My husband and I fell in love with a house in London on our honeymoon—very distinctive, across from a park. Fourteen years later, living in Boston, I woke up one day, and thought, maybe we could buy it. I tracked down a realtor in London, asked if she could figure out the address and find out if it was for sale. Crazy! But she did. The man who’d been living there had just died; the For Sale sign wasn’t even up yet. We bought it the next week.

“I was somewhat stalled with one deeply troubled patient, Mayer writes, “a woman who was isolated and very frightened of the world. For years she’d insisted she couldn’t remember any of her dreams, and indeed she’d reported almost none to me through our work together. Then, during one session, she told me that the night before she’d dreamed of my going to Arizona. I had indeed been planning a trip to Arizona that week, but I’d told none of my colleagues or patients about it.

“I asked her, why Arizona? She had no idea, no associations. I told her that I was in fact going to Arizona and wondered if she somehow picked that up. For a moment, she was quiet. Then she hesitantly told me that she often had dreams in which she knew where people were going, and it turned out she was right.

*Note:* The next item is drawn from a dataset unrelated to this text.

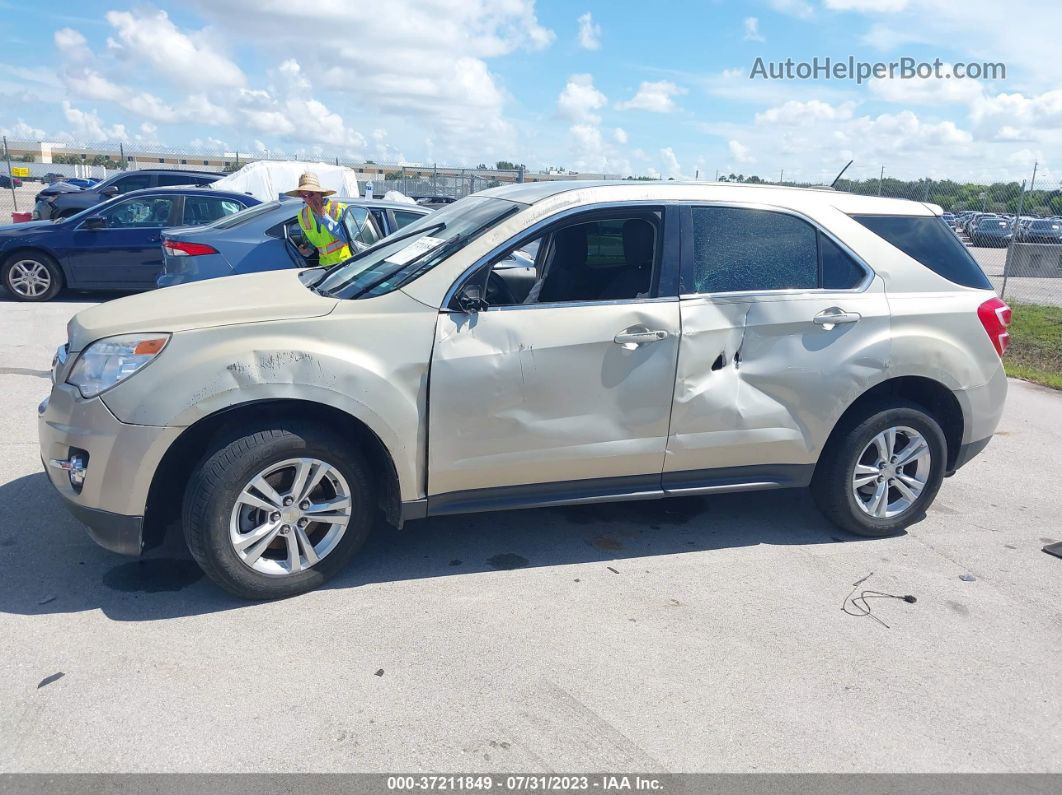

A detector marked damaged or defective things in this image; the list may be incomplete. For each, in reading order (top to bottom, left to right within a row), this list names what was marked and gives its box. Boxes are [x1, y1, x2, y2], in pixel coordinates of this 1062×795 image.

“She couldn’t begin to explain it. She’d learned not to tell people; it was too weird. She had had dreams like that as a child and her parents had raged at her and called her crazy. They would sometimes beat her until she said she’d made it all up. So she’d learned to shut up and started pretending that she didn’t have dreams, that a lot of things she experienced weren’t real. Pretending to others, and to herself, had made her feel safe, but it had also made her feel she wasn’t real.

“That exchange with my patient was a turning point in her psychotherapy. It was also a turning point for me. My evident curiosity about her dream had liberated a flood of experiences. As my patient started believing that I could believe her—and considered her neither crazy nor dangerous—a new world opened up between us. She began for the first time telling me about other bizarrely intuitive experiences, and about how they terrified her. Bit by bit, her comfort in the world took new root. Her life changed in profoundly positive ways. She told me that she started feeling she could be real.

“My patient’s fear—of being unable to credit the evidence before her eyes, of being thought crazy, of losing the comfort of being believed—began to take on an enormous resonance for me. I still wanted to make sense of my own experience with the harp. But I also wanted to understand more about why our culture is so fearful about anomalous experiences.


Elizabeth Lloyd Mayer
, Extraordinary Knowing: Science, Skepticism, and the Inexplicable Powers of the Human Mind (Bantam Books, 2007).